Doğru Anlamlara Hassas Şarkılar: Paul Weller “True Meanings”
Boğaç Gökmen
“You Do Something To Me” ne zaman bir yerlerde çalsa kendimi genellikle aynı durumda bulurum. Ama hüzünlü ve düşünceli ama umutlu ya da kıpır kıpır eden belirsiz bir coşku hali.
Sayın Weller’in The Jam ve The Style Council sonrası solo kariyerine uzanan 40 yıllık süreç bu en temel duygu halleriyle özetlenebilir mi bilemem ancak, 60 yaşın olgunluğundaki Weller dinleyiciye öyle bir albüm hediye ediyor ki baş ucunuzdaki yerini şimdiden ayırın.
Albüm, akustik sadeliğin cazibesi ile kol kola giren şiirsel anlatıların yarattığı nefes alma sahası ve tüm bu lezzet bütünlüğüne düzenlemelerin iliklerine işlenmiş, belli belirsiz, ancak etkisi yerinde nefesli ve yaylıların dokunuşu sayesinde ayrı bir evren yaratmayı başarıyor.
Akustik işçilik bakımından akla ilk gelen müzik düşünürlerinden Neil Young, olmazsa olmaz Nick Drake olabilir lakin bu defa 60 yaşında bir Paul Weller’ın “True Meanings” başlığı altında doğru anlamlara yol aldığı akustik öykülere konuk oluyoruz.
Açılış parçası “The Soul Searchers” ile işin içine girmek hiç de zor olmuyor ve Villagers’dan Conor O’Brien’ın yazdığı sözlerin etkisinin de olduğu şarkı, dinleyiciyi gerektiği gibi kucaklıyor. Albümün en yakışıklı melodilerinden “Gravity”, nefis caz sahnelerinin eşliğinde akıp giden “Old Castles” ve ardından gelen “What Would He Say?”in şefkatli country dokunuşları ‘ne güzeldir yollarda olmak şimdi’ hissiyatının ateşini harlıyor âdeta.
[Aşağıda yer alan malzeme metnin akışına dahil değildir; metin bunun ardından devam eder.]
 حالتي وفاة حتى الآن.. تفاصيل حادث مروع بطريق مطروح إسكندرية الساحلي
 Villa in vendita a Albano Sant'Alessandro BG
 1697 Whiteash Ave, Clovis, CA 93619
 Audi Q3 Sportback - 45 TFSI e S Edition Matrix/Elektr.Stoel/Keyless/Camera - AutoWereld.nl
Tam da albümün orta yerinde “Aspects” birkaç kez dönerken, Nick Drake’in “Pink Moon” sularında ıslanmamak ne mümkün ve belli ki ardından gelen şarkı “Bowie”nin bu çalışmada da bambaşka bir yeri olduğunu gösteriyor. “Wishing Well”de ise Neil Young etkisinde kocaman hayaller kaplıyor gökyüzünü.
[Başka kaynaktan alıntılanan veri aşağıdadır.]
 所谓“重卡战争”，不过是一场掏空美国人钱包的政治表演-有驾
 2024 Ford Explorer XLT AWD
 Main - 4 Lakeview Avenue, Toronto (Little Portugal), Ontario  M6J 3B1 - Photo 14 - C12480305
“Movin On” ve “May Love Travel With You” dinleyici için birkaç favori filminin zihne kazınan sahnelerini taçlandırırken “White Horses” ile kapanan albüm, hem bestecilik hem de şarkı sözü yazarlığı bakımından ne mühim bir kişilik olduğunu bir kez daha belgeliyor bay Weller’ın.
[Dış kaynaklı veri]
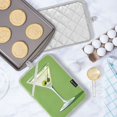 thumbnail image 5 of Yayeee Pot Holders Kitchen Heat Resistant with Pocket 7"x9.8" Cotton Oven Cooking Hot Pads, Green Martini Glass, 5 of 7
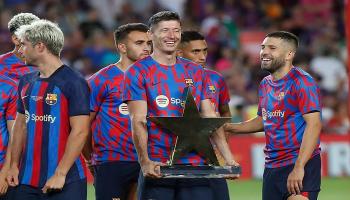 روبرت ليفاندوفسكي مهاجم برشلونة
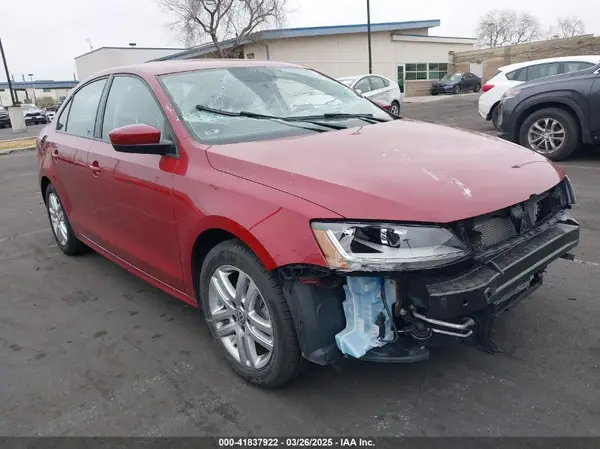 3VW2B7AJ1JM226353 2018 VOLKSWAGEN JETTA - Image 1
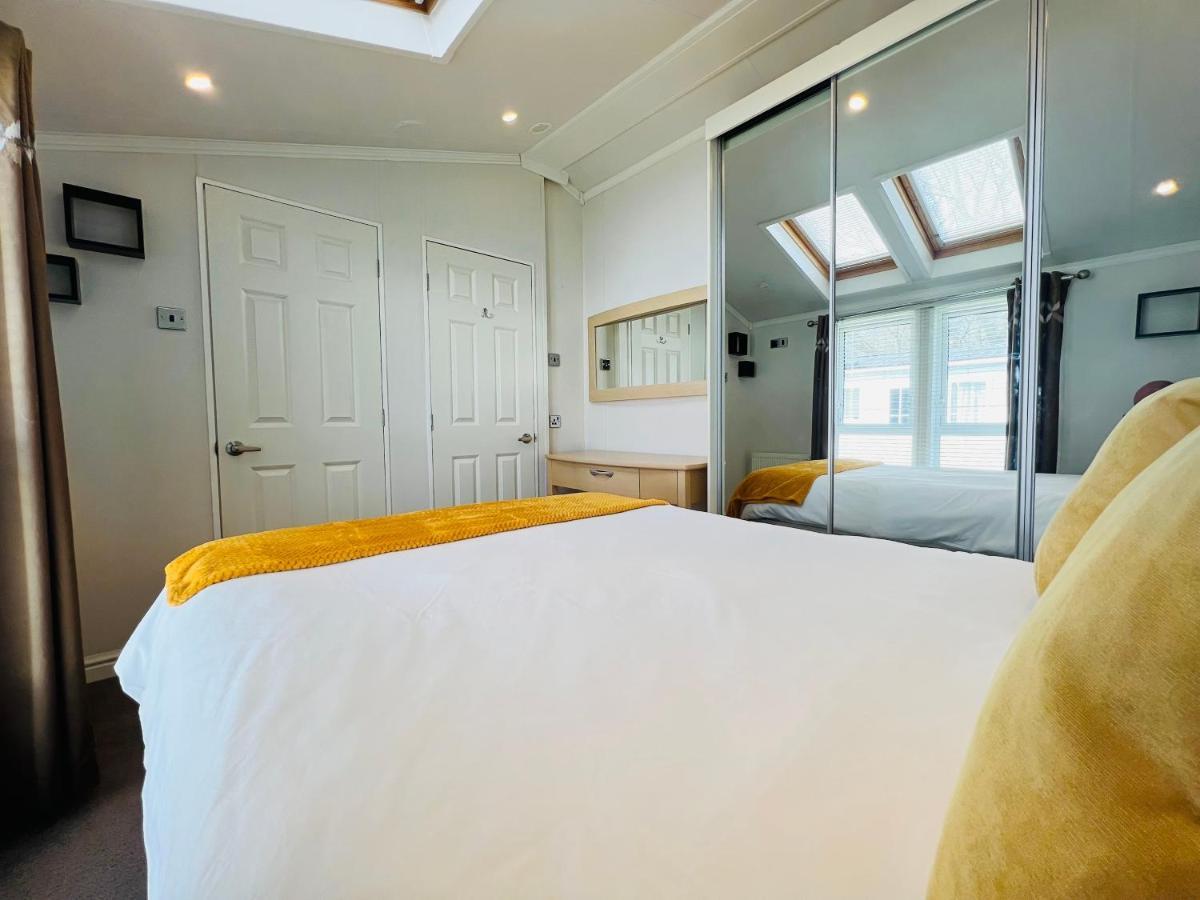 2 Bedroom Th35, Nodes Point, St Helens, Isle Of Wight Holiday home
Tüm bunlar yaşanırken, hassas, sıcak ve samimi şarkıların başrole soyunduğu bir dünyanın kapılarını aralayan Weller, âdeta doğru anlamların bunlar olduğunu işaret ediyor.
Bize de defalarca dinlemesi düşüyor, doğru anlamları aramanın hassas şarkılardan geçtiğini bir kez daha kavrayarak.